Opposition lawyers in suit now helping Aurora County recoup moneyPLANKINTON — Aurora County is facing millions of dollars in costs from recent litigation. In an odd twist, two of the law firms that opposed the county and racked up many of those costs are now trying to help the county pay some of the bills.
By: Anna Jauhola, The Daily Republic
PLANKINTON — Aurora County is facing millions of dollars in costs from recent litigation. In an odd twist, two of the law firms that opposed the county and racked up many of those costs are now trying to help the county pay some of the bills.
Richardson, Wyly, Wise, Sauck & Hieb LLP, of Aberdeen, plans to file a lawsuit in a few weeks claiming Twin City Fire Insurance Company had an obligation to defend Aurora County in the E.L. Thompson Farms zoning lawsuit. The firm previously represented a public assurance alliance, which successfully sued the county to avoid paying claims associated with the lawsuit.
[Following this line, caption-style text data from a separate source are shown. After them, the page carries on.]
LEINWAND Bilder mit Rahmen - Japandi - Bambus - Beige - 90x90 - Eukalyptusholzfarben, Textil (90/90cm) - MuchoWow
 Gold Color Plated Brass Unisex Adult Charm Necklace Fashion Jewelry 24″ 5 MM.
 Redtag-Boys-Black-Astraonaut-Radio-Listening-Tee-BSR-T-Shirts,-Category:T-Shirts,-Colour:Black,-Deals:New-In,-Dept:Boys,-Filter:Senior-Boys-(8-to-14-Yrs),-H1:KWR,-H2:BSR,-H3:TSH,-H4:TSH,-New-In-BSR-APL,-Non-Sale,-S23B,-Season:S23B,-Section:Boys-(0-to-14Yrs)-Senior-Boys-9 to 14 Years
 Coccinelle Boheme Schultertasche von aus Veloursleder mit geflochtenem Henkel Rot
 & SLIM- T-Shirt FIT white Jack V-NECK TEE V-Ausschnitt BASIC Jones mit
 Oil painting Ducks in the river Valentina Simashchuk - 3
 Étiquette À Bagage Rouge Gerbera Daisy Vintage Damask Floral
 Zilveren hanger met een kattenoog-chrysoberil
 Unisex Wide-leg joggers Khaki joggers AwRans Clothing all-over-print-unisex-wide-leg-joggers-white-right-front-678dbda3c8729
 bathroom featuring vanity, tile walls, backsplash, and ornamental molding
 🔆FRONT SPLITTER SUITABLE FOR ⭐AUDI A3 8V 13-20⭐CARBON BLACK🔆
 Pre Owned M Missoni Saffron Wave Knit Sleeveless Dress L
Attorneys Roy Wise and Jack Hieb attended a recent County Commission meeting to present the idea of recouping attorney fees and prior insurance coverage. Aurora County State’s Attorney John Steele also attended.
“They approached us, actually, to handle the case on a contingency basis at no fee to the county,” Steele said of the lawyers. “So we felt like it was a win-win.”
The lawyers would take cuts of any settlement that is reached, though.
Hieb, who did not participate in the insurance lawsuit even though his firm was involved, examined the Twin City policy and Wise contacted Steele in early January.
“Hieb was of the opinion they (Twin City) had an obligation to defend us and believed they breached that,” Steele said.
Hieb and Wise also gave some credit to Mark Meierhenry, of Meierhenry & Sargent LLP, Sioux Falls, for the idea, Steele said. Meierhenry is a former South Dakota attorney general.
At the time of the original Thompson Farms lawsuit in 2002, which was sparked by a 1998 zoning ordinance that improperly prohibited the dairy farm from expanding its herd, the county’s insurance carrier was Twin City Fire Insurance Company, a subsidiary of The Hartford. The county switched to the South Dakota Public Assurance Alliance while the Thompson Farms lawsuit was ongoing.
Meierhenry & Sargent LLP represented E. L. Thompson Farms, and Richardson, Wyly, Wise, Sauck & Hieb LLP represented the South Dakota Public Assurance Alliance.
In the midst of the Thompson Farms lawsuit, the alliance sued the county, claiming it wasn’t liable to pay damages arising from the zoning dispute because it hadn’t been notified of the lawsuit in a timely manner by the county. The county lost two trials against the alliance and was therefore put on the hook to pay damages in the Thompson case.
A jury decided the county should pay the Thompsons $600,000 following a July 2012 trial and, instead of pursuing mutually costly appeals, the county settled with the Thompson family for $1.2 million and made plans to issue bonds to come up with the money.
For both lawsuits, the county accrued a combined $1.4 million in legal expenses. Paired with the settlement, the entire saga ended up costing the county $2.6 million.
Should the county win the new lawsuit against Twin City Fire Insurance Company or settle prior to a trial, the two assisting law firms will split a one-third cut of the monetary award. If there is an appeal on the matter, the law firms will split 40 percent of the award.
“Our concern is to try to recover some of the taxpayers’ money,” Steele said.